Dad, mom have last word so deal with it

Carolyn Hax The Washington Post

Carolyn: I am going into my junior year of high school, and this past year I auditioned for and was accepted at the local performing arts school. This has been a long-term goal of mine, and I feel so great that all my work has paid off.

However, my parents have decided against my going. It is a boarding school and definitely not a traditional high school, as the students take fine arts classes in the evenings after their regular courses in the mornings. My parents want me in the house for two more years before I go to college and want me to have regular schooling.

I am so frustrated with them! We fight all the time now, and I am losing the desire to do the things I used to – just because I feel so depressed about losing this opportunity. Should my parents have final say about this fine arts school? They didn’t put in the practice hours nor make the audition. I did! – Raleigh

You didn’t feed, clothe and shelter yourself, or rock yourself back to sleep at 2 a.m., or teach yourself right and wrong or, despite your obvious talent, give birth to yourself, read to yourself or change your own diapers. Your parents did all that. Which means they should indeed have final say on secondary schooling.

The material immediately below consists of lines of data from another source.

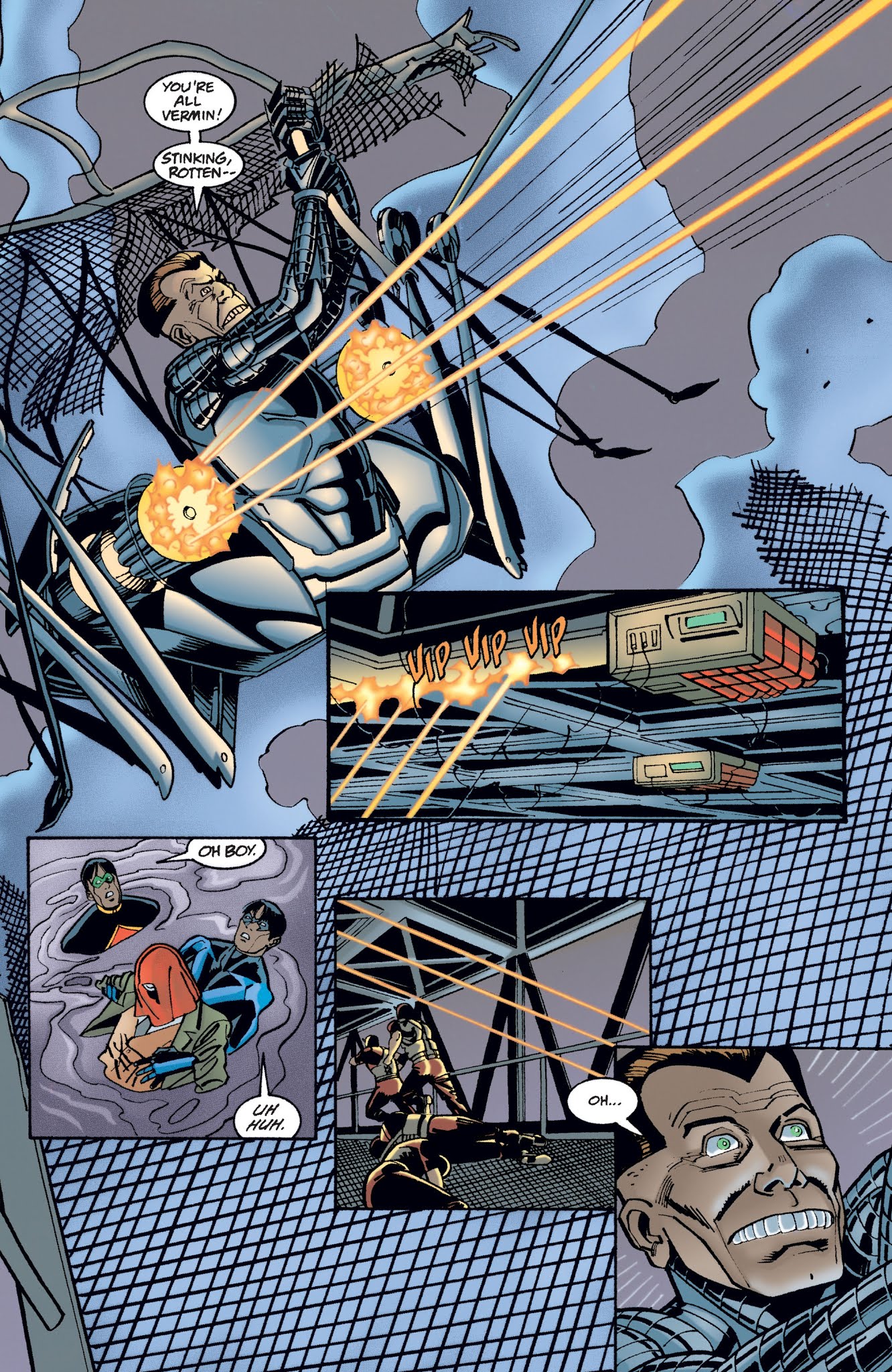 Read online Batman: Road To No Man's Land comic -  Issue # TPB 2 - 302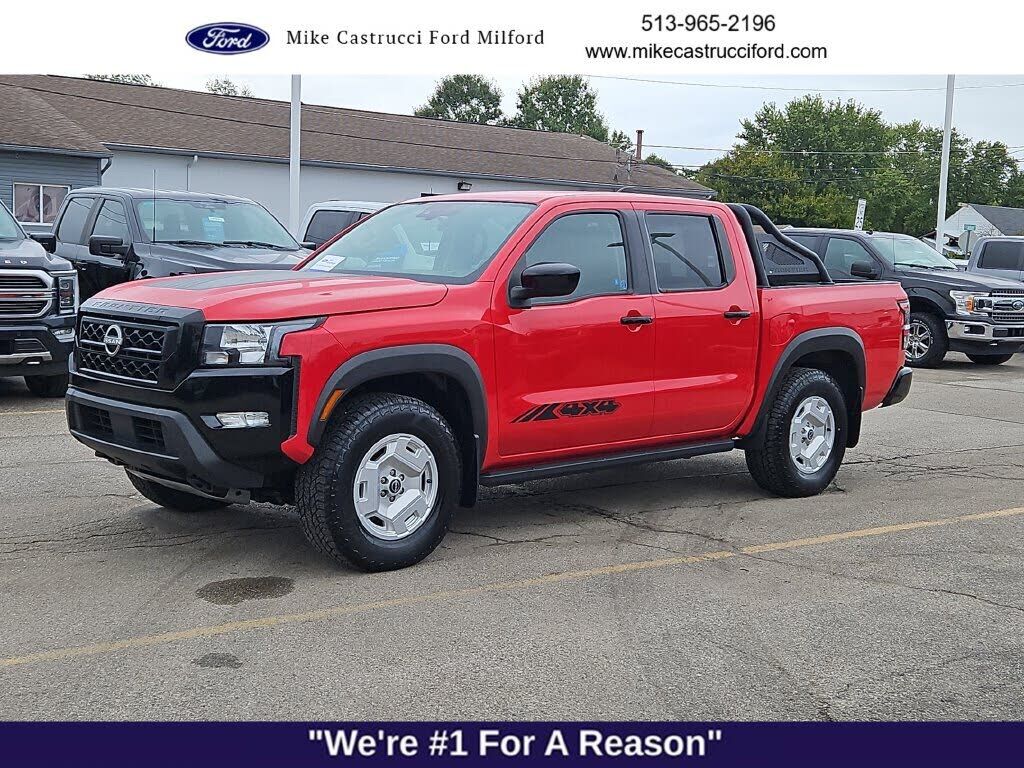 2024 NISSAN Frontier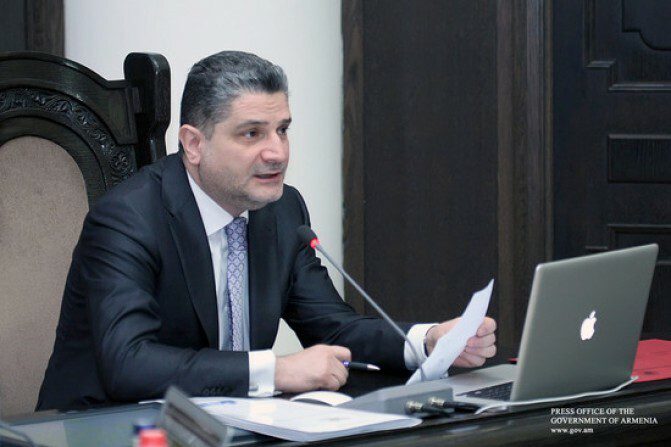 Վարչապետ Տիգրան Սարգսյանի ներածական խոսքը կառավարության նիստում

Whether that guarantees they’ll “get” you, or put your needs before their own, or make the best decision, or ultimately earn your trust in their judgment, is slightly more problematic. But even exploring these four points till my tendinitis flares up will bring us nowhere, except to the beginning: This is your parents’ decision to make.

However, it’s when we’re powerless that we get our greatest chance to show strength. No matter how little say you have in your schooling – or romances or finances or anything else life chucks out on a whim – you always have complete say in how you handle the news.

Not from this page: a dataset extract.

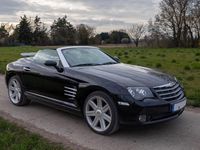 Gebraucht Chrysler Crossfire 218 PS (160 kW) 2009 Schwarz Cabrio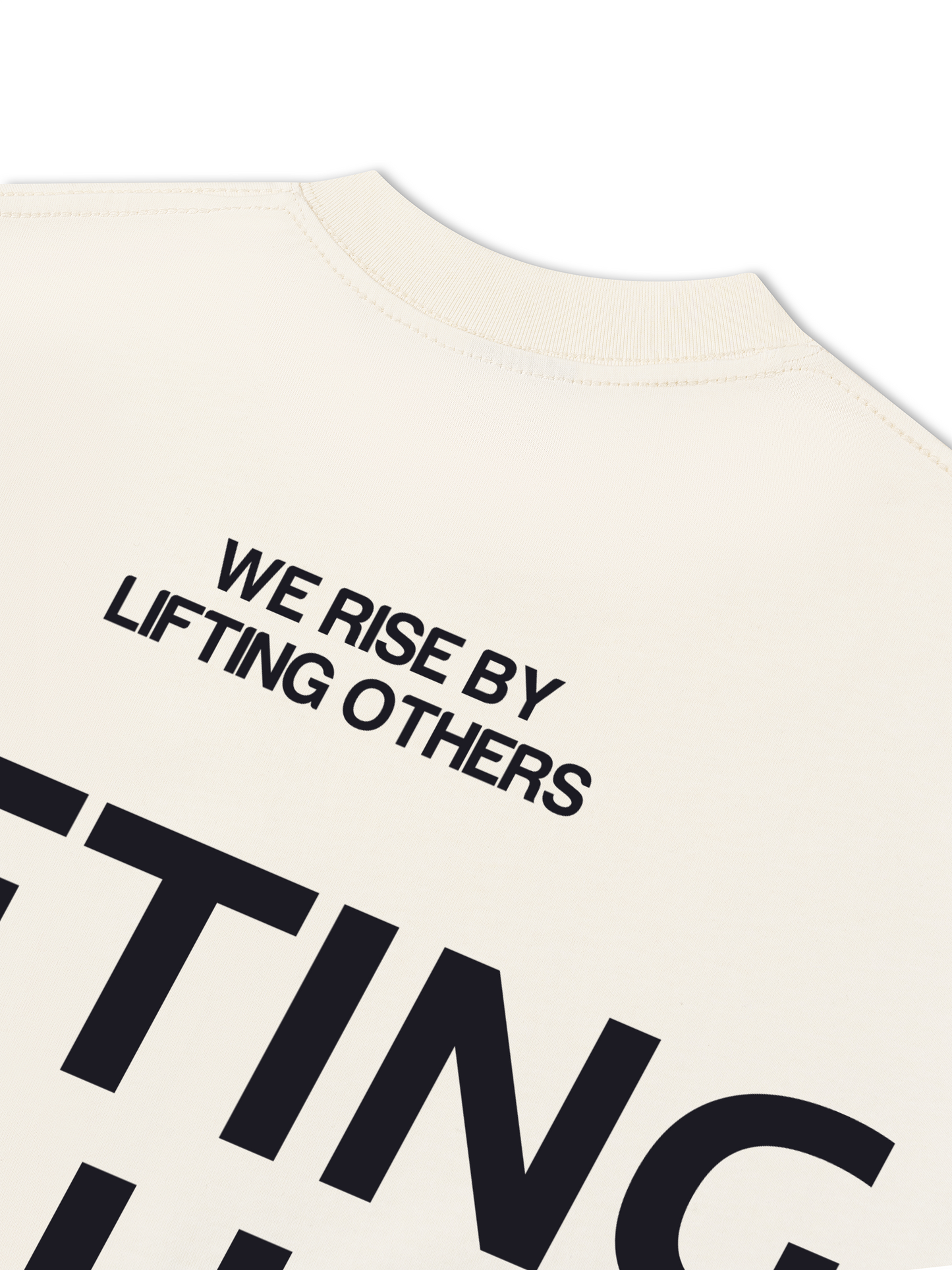 Áo Thun Relaxed Fit We Rise By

You can’t go to that school. OK. Now deal with it.

By:

• Knowing when to concede defeat. They made their choice; issue closed. Stop reopening it.

• Considering they might have a point. Moping around and picking fights is not the behavior of someone mature, and someone who’s not mature isn’t the best candidate for a high-intensity boarding school. Accept that it’s hard to know what’s best; there’s a reason for guardians.

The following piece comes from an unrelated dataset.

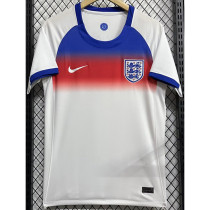 25-26 England Home Fans Soccer Jersey (无星)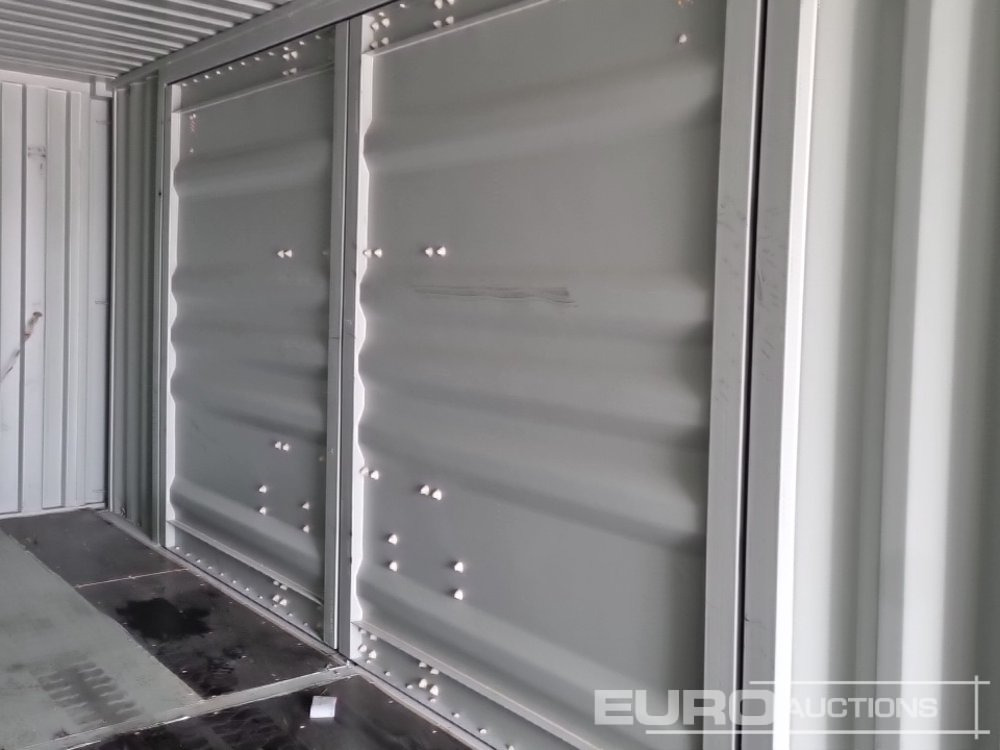 2025 40' High Cube Container, 2 Side Doors, 1 End Door (Cannot Be Reconsigned) - Conteneur maritime: photos 4 2025 40' High Cube Container, 2 Side Doors, 1 End Door (Cannot Be Reconsigned) - Conteneur maritime: photos 4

• Getting help if you feel hopeless.

• Planning your next move. If this school was the only way you could envision a life in the arts, then your vision needed broadening anyway, whether you attended or not.

To include, say, college. In two years, you can sing/dance/play yourself goofy. But to do that, you’ll need to have started work on a pile of highly specialized applications to a select pile of schools (and for financial aid, just in case) – in less than one year. Stop feeling sorry for yourself and start researching those schools.

And not that this should be your primary or even subordinate motivation, but replacing your sulky defiance with some poise and determination right now might impress your parents as well.

In the meantime, use these two years to improve your candidacy (and channel rage) by finding other ways to get really, really good at what you love to do.